Der Textilveredler Eing macht aus einfachen Stoffen trickreiche Funktions-Textilien

Gescher. Über Klaus Höings Kopf hängt eine breite Bahn flauschiger Frottierware. Der 52-Jährige zieht kräftig an dem Stoff, damit der schön gerade in den Spannrahmen läuft: „Wenn er sich verzieht, wird er am Ende krumm geschnitten. Da müssen wir korrekt arbeiten.“

Dem Textilmaschinenführer bei Eing im münsterländischen Gescher steht der Schweiß auf der Stirn: Er und seine gut 130 Kollegen haben viel zu tun. Über 7.000 Tonnen Garne, Gewebe und Vliese rüsten sie jährlich aus, berichtet Geschäftsführer Michael Büchner: „Es geht darum, Textilien für spezielle Anwendungen fit zu machen.“

Sie sollen mal flammenhemmend oder flauschig sein, mal in brillanten Farben erstrahlen. Aber auch schmutzabweisend oder lichtbeständig müssen sie sein. Oder etwa das Wachstum von Bakterien hemmen. So wie der Stoff, den Hendrik Feldkamp aus einem Rundwagen zieht.

Geld sparen mit heißer Luft und dazu die Umwelt schützen

„Daraus wird OP-Kleidung“, sagt der 33-jährige Produktveredler, der schon seit 17 Jahren in dem Unternehmen arbeitet.

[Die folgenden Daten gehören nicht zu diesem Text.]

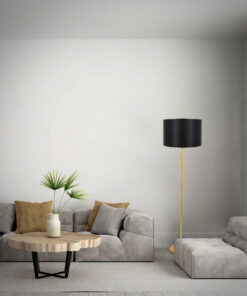 GloboStar® ASHLEY 00825 Μοντέρνο Επιδαπέδιο Φωτιστικό Μονόφωτο 1 x E27 IP20 Χρυσό Μέταλλο με Μαύρο Ύφασμα - Μ40 x Π40 x Υ148cm 19 post 233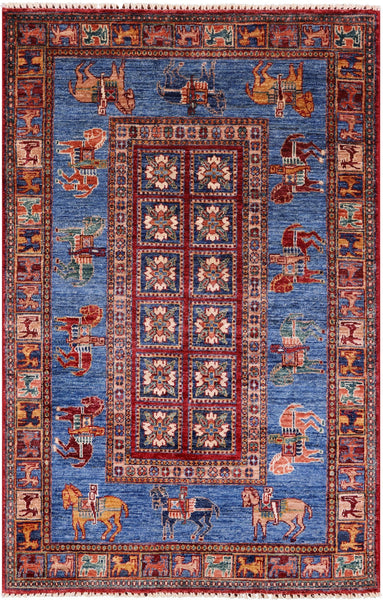 Antiqued Pazyryk Historical Design Handmade Wool Rug - 3' 4" X 5' 3" - Golden Nile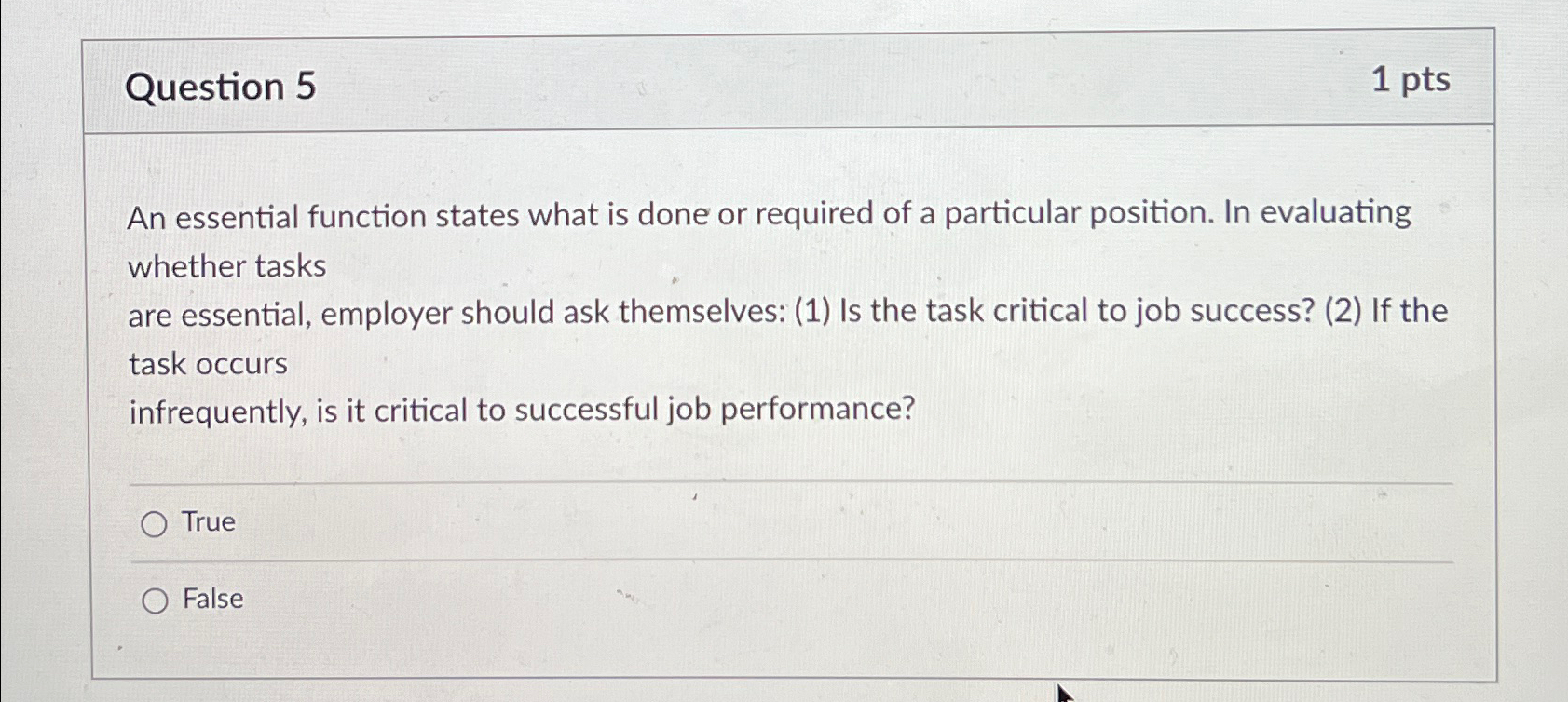Solved Question 51ptsAn essential function states what is | Chegg.com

Doch nicht nur solche Hightech-Stoffe gehen durch seine Hände. Etwa die Hälfte des Umsatzes von 15 Millionen Euro pro Jahr macht sein Arbeitgeber mit Heim- und Haustextilien wie Bett- und Tischwäsche, Putz- und Handtüchern. Immer häufiger veredelt das 1950 gegründete Unternehmen aber auch technische Textilien. Sie überspannen als textiles Dach Fußballstadien und Flughafen-Terminals oder dämpfen Geräusche im Innenraum von Pkws.

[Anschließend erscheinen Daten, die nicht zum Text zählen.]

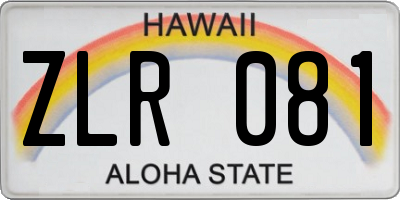 HI license plate ZLR081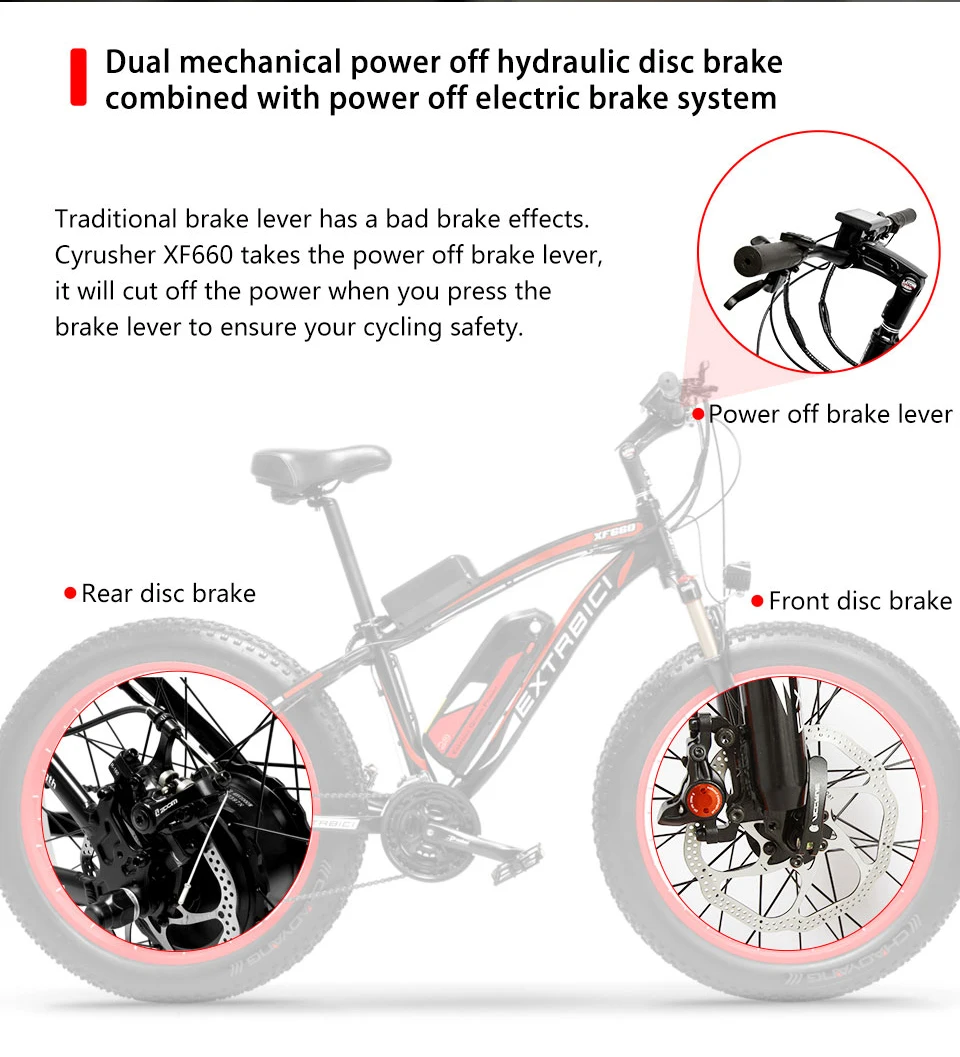 Discount Cyrusher XF660 1000W 48V motor eletric bike 21 speeds oil spring full suspension fork E bike with smart remote control 4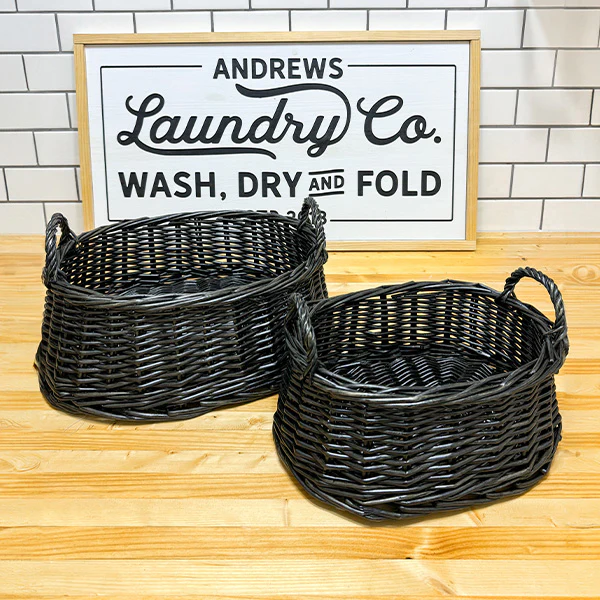 Black Rattan Storage Baskets, Set of Two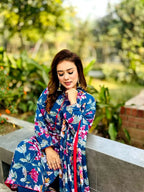 Navy Blue Floral Salwar Kameez Set - SaimaFashion
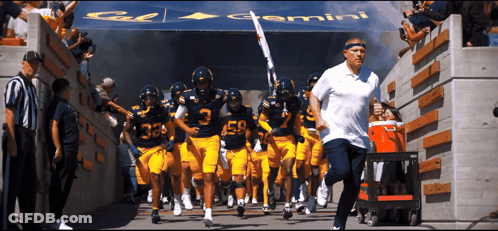 Football Players Running Through Cal Gemini Tunnel GIF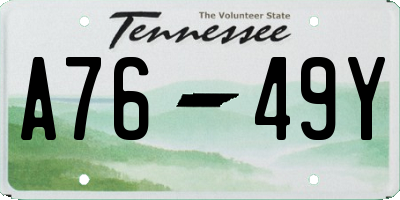 TN license plate A7649Y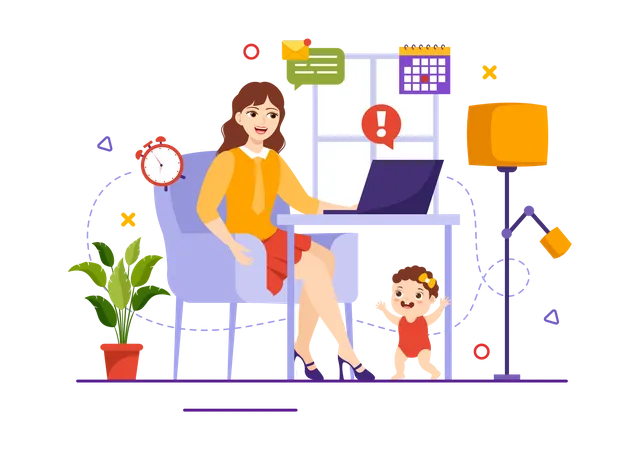 Mother Work From Home  Illustration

Mittlerweile hat Klaus Höing, der Mann am Spannrahmen, den leuchtend blauen Frottierstoff korrekt positioniert. Langsam fährt der Spannrahmen an. Über ihm saugen dicke Metallrohre die bis zu 160 Grad heiße Luft ab, die im Innern der 18 Meter langen Anlage den Stoff trocknet.

Die Rohre gehören zu einem ausgeklügelten System aus Abluftreinigung und Wärmerückgewinnung. Vor zwei Jahren haben die Münsterländer die Anlage für 1 Million Euro installiert. Der Trick: Die Abluft aus der Produktion wird auf über 800 Grad erhitzt. Dabei verbrennen umweltschädliche Partikel wie Spinn- und Mineralöle oder Formaldehyd.

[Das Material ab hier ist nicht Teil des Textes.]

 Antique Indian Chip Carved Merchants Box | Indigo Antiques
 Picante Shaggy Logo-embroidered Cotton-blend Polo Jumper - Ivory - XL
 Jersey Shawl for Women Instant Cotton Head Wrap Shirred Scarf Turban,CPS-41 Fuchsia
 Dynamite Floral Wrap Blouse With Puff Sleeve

Hinzukommt: „Die gewonnene Wärme wird genutzt, um damit die Färbereien mit Heißwasser zu versorgen“, erklärt Büchner. Das Unternehmen veredelt auch Garne für ein Produkt, das man gern anzündet: Kerzendochte. Damit die nicht sofort verbrennen, behandelt Eing sie mit einem Spezialverfahren, das es in sich hat: Nur das Parafin der Kerze verbrennt – der Docht selbst jedoch hält die Verbrennung stundenlang aufrecht.